Extraits de la loi sur le Tribunal fédéral du 17 juin 2005 (LTF - RS 173.110)
consultable sur le site: http://www.admin.ch/ch/f/rs/c173_110.html

Recours en matière de droit public
(art. 82 et ss LTF)

Recours constitutionnel subsidiaire
(art. 113 et ss LTF)

Art. 82 Principe

Le Tribunal fédéral connaît des recours :

a. contre les décisions rendues dans des causes de droit public ;

Art. 83 Exceptions

Le recours est irrecevable contre :

c. les décisions en matière de droit des étrangers qui concernent :

1. l’entrée en Suisse,

2. une autorisation à laquelle ni le droit fédéral ni le droit international ne donnent droit,

3. l’admission provisoire,

4. l’expulsion fondée sur l’art. 121, al. 2, de la Constitution ou le renvoi,

5. les dérogations aux conditions d’admission,

6. la prolongation d’une autorisation frontalière, le déplacement de la résidence dans un autre canton, le changement d’emploi du titulaire d’une autorisation frontalière et la délivrance de documents de voyage aux étrangers sans pièces de légitimation ;

d. les décisions en matière d’asile qui ont été rendues :

1. par le Tribunal administratif fédéral,

2. par une autorité cantonale précédente et dont l’objet porte sur une autorisation à laquelle ni le droit fédéral ni le droit international ne donnent droit ;

Art. 89 Qualité pour recourir

1 A qualité pour former un recours en matière de droit public quiconque :

a. a pris part à la procédure devant l’autorité précédente ou a été privé de la possibilité de le faire ;

b. est particulièrement atteint par la décision ou l’acte normatif attaqué, et

c. a un intérêt digne de protection à son annulation ou à sa modification.

Art. 95 Droit suisse

Le recours peut être formé pour violation :

a. du droit fédéral ;

b. du droit international ;

c. de droits constitutionnels cantonaux ;

d. de dispositions cantonales sur le droit de vote des citoyens ainsi que sur les élections et votations populaires ;

e. du droit intercantonal.

Art. 100 Recours contre une décision

1 Le recours contre une décision doit être déposé devant le Tribunal fédéral dans les 30 jours qui suivent la notification de l’expédition complète.

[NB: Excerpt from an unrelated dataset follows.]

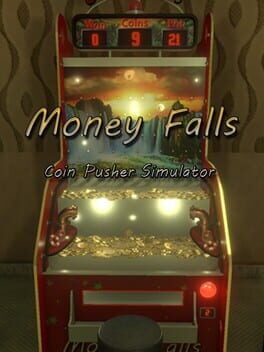 MoneyFalls: Coin Pusher Simulator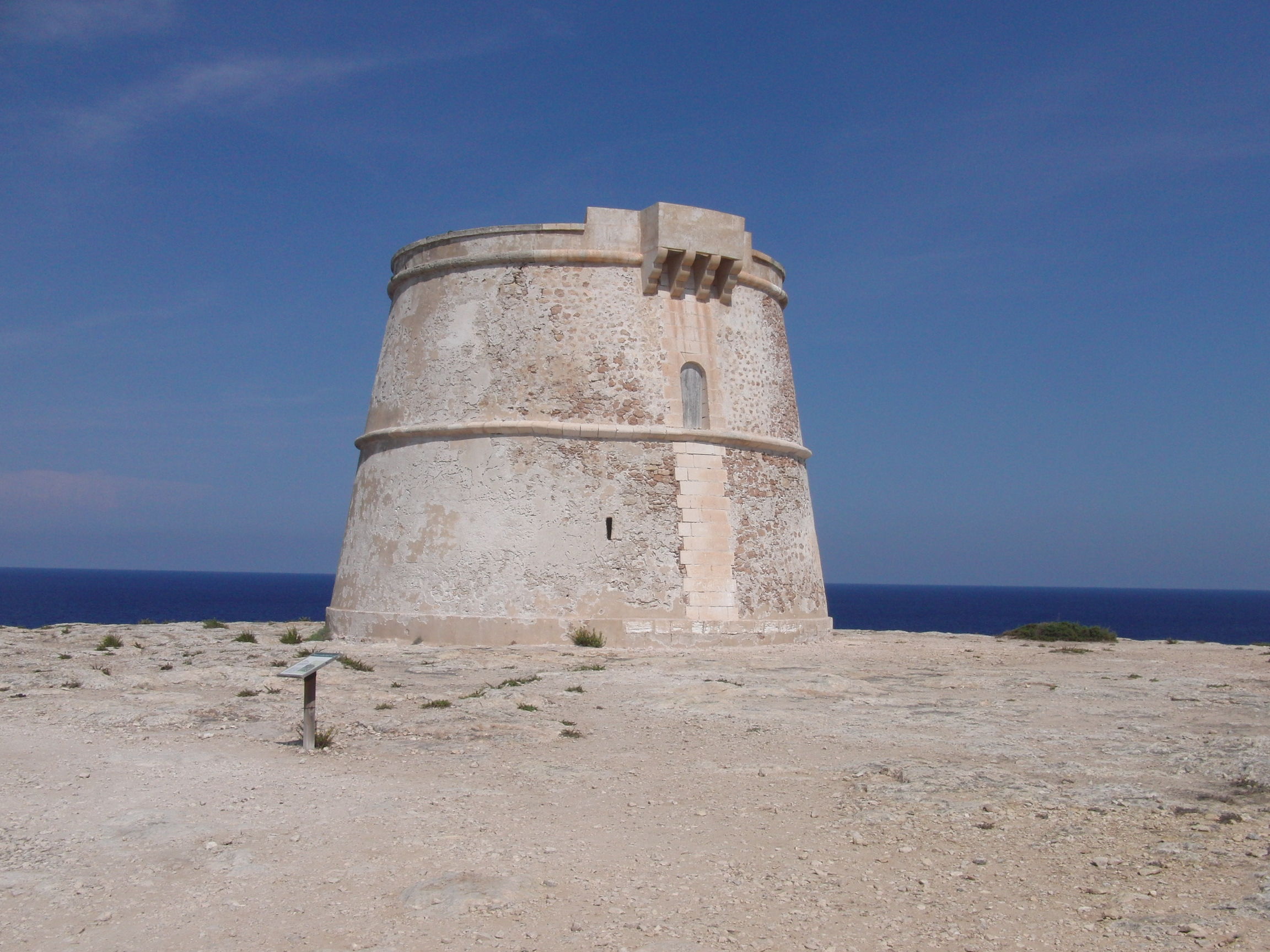 la Torre de Punta Prima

______________________________________________

Art. 113 Principe

Le Tribunal fédéral connaît des recours constitutionnels contre les décisions des autorités cantonales de dernière instance qui ne peuvent faire l’objet d’aucun recours selon les art. 72 à 89.

Art. 115 Qualité pour recourir

A qualité pour former un recours constitutionnel quiconque :

a. a pris part à la procédure devant l’autorité précédente ou a été privé de la possibilité de le faire et

b. a un intérêt juridique à l’annulation ou à la modification de la décision attaquée.

Art. 116 Motifs de recours

Le recours constitutionnel peut être formé pour violation des droits constitutionnels.

Art. 100 Recours contre une décision

1 Le recours contre une décision doit être déposé devant le Tribunal fédéral dans les 30 jours qui suivent la notification de l’expédition complète.

___________________________________________

 

Recours ordinaire simultané (art. 119 LTF)

1 Si une partie forme contre une décision un recours ordinaire et un recours constitutionnel, elle doit déposer les deux recours dans un seul mémoire.

2 Le Tribunal fédéral statue sur les deux recours dans la même procédure.

3 Il examine les griefs invoqués selon les dispositions applicables au type de recours concerné.